The Therapist is the third book I’ve read by BA Paris and both others, Bring Me Back and The Dilemma, were edge-of-your-seat reads.
Our main narrator for The Therapist is Alice who’s recently moved with her partner into a new enclave in London, called The Circle. It sounds a bit Steptoe Wife-like but it isn’t. The couples living there are all quite different albeit slightly insular in the gated community.

by B.A. Paris
Published by HQ Fiction
on 07/01/2021
Source: NetGalley
Genres: Thriller / Suspense, Psychological Thriller
ISBN: B08CR3WNFT, 9780008412012
Pages: 352

Goodreads
When Alice and Leo move into a newly renovated house in The Circle, a gated community of exclusive houses, it is everything they’ve dreamed of. But appearances can be deceptive…
As Alice is getting to know her neighbours, she discovers a devastating, grisly secret about her new home, and begins to feel a strong connection with Nina, the therapist who lived there before.
Alice becomes obsessed with trying to piece together what happened two years before. But no one wants to talk about it. Her neighbours are keeping secrets and things are not as perfect as they seem…
I liked Alice and the majority of the narrative unfolds from her point of view. We learn her parents and sister Nina were killed in a car accident over a dozen years earlier. Which goes some way to explaining her reaction to discovering she and Leo are living in the house where a woman named Nina was murdered the year before.
I mean, I get that it’s kinda creepy but as Leo her partner reminds her, the house Alice grew up and had been living in (in Harlestone) is a couple of centuries old so would have seen its fair share of death. I found it slightly weird Alice seems more upset by the fact the victim’s name was the same as her sister, than about the murder itself. Not to mention (that) Nina’s husband suiciding after being accused of her murder.
Alice initially refuses to stay at the house, angry at Leo for not telling her how he was able to buy it for such a low price. The pair have only just moved in together after a long-distance relationship and it certainly doesn’t appear it’ll last.
Despite her antipathy towards the house, Alice finds herself drawn to Nina’s murder after being contacted by a private investigator working on behalf of the husband’s sister, who does not believe he killed his wife then himself.
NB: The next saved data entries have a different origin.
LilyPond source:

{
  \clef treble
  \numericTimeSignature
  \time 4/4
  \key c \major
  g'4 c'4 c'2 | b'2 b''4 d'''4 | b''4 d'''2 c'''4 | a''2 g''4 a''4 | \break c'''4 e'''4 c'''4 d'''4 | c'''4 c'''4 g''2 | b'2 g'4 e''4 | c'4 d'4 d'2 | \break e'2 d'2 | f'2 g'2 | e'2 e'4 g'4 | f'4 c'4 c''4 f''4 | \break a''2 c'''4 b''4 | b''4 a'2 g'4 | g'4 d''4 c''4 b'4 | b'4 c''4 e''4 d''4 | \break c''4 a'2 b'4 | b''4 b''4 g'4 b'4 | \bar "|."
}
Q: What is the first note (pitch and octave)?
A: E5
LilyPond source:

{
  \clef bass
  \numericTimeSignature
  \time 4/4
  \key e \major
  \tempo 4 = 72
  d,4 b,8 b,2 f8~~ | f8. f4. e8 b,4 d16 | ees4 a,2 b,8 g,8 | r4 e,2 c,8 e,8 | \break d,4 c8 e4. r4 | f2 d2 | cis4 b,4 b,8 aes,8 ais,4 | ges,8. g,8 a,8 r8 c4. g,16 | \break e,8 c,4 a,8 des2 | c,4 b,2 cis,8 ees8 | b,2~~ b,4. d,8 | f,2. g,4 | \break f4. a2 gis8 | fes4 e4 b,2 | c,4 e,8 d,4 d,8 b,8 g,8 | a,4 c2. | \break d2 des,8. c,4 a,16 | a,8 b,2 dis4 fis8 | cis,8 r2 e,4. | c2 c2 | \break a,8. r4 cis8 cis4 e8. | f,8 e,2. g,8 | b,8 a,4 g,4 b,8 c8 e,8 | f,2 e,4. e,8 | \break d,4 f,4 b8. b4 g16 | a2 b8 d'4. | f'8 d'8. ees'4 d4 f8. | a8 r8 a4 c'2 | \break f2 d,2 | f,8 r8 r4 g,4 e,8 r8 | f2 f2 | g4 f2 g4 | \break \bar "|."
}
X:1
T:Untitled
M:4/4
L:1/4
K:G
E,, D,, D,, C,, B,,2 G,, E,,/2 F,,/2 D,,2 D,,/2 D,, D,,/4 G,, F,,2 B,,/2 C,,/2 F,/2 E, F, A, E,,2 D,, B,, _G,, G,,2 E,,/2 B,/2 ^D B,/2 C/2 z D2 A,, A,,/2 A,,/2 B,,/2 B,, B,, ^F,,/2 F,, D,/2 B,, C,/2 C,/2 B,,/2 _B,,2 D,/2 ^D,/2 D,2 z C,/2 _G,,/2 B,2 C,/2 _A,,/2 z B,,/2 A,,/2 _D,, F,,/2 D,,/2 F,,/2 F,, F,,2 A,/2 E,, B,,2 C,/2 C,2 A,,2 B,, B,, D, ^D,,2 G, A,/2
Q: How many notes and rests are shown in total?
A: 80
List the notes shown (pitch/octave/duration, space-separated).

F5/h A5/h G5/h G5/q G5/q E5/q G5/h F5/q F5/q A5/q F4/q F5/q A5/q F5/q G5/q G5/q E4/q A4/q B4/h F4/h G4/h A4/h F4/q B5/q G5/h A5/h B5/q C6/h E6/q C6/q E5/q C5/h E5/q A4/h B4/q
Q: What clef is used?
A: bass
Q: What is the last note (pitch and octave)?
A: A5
We also meet ‘the therapist’. I think readers naturally bond with them as they’re our narrator but at times they’re a little trite about their work and clients. And we aren’t really given any hints as to the timing of their scenes or who they involve. Do we need to pay attention to the therapist, or their clients? And of course we know Nina was a therapist. But is she ‘the therapist’?
I couldn’t get a handle on Leo and I’m not sure if Paris does this on purpose, keeping him a little secretive and aloof. His job requires him to travel so he’s absent for much of the time. His love for Alice seems genuine however, so while we’re suspicious of him, there’s a sense of sadness that he’s mishandled everything so badly.
This probably isn’t my favourite of Paris’s books, but it’s certainly an intriguing read and I did not see the twist coming. I’m not sure readers can predict it all as we’re not given all of the information we’d need to solve this, though there are a few hints dropped here and there.
The Therapist by BA Paris will be published by HQ Fiction in early January 2021.
I received an advance reading copy (ARC) of this book electronically from the publisher for review purposes.